I have a love for all things bright and patterned, so of course I just had to try my hand at these “checkerboard” cookies. I chose to do a white and red pattern, but they would be even more festive in red and green. I think my checkerboarding skills could use a little practice, but they’re not bad for my first try!
P+P Tip: Be super careful in lining up your colors are you’re slicing and stacking the dough. Don’t be afraid to trim off anything that’s not quite square.

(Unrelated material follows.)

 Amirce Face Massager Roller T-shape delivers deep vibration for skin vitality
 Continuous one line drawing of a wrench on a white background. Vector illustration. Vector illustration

- 1 cup unsalted butter, room temperature
- 1 1/2 cup sugar
- 1 1/2 t. baking powder
- 1/2 t. salt
- 1 egg
- 1 t. vanilla
- 2 1/2 cups all-purpose flour
- Red food coloring
- Using an electric mixer, beat the butter for 30 seconds. Add sugar, baking powder, and salt. Mix until combined, scraping sides of bowl occasionally. Beat in egg and vanilla until combined. Gradually add flour until combined.
- Divide dough in half. Add food coloring to one half and mix until fully integrated. Leave the remaining dough portion plain.
- Shape each portion of dough into a 6 inch x 2 inch rectangular log. Wrap each log in plastic wrap or waxed paper. Chill for at least 2 hours or until dough is very firm. Use a sharp knife to cut each log lengthwise into four slices. You should end up with four 6×2-inch pieces from each color of dough.
- Stack four dough slices together, alternating colors. Then repeat that process again so that you have two rectangular logs, each with four layers. Press dough together to seal layers. Wrap each log in plastic wrap or waxed paper. Chill about 30 minutes or until firm.
- Cut each layered log lengthwise into four slices–each slice will have four layers in alternating colors. Stack four dough slices together, alternating colors, to create a checkerboard effect. Trim the edges to neaten up the lines, as necessary. Wrap each log in plastic wrap or waxed paper. Chill about 30 minutes or until firm.
- Preheat oven to 350 degrees F. Use a sharp knife to cut logs crosswise into 1/4-inch slices. Place the slices 1 inch apart (they will spread during baking) on an ungreased cookie sheet.
- Bake for 8 to 10 minutes or until edges are firm and bottoms are lightly browned. Cookies may still appear soft, but will firm up as they cool. After one minute, transfer cookies to cooling rack to cool completely. minute. Enjoy!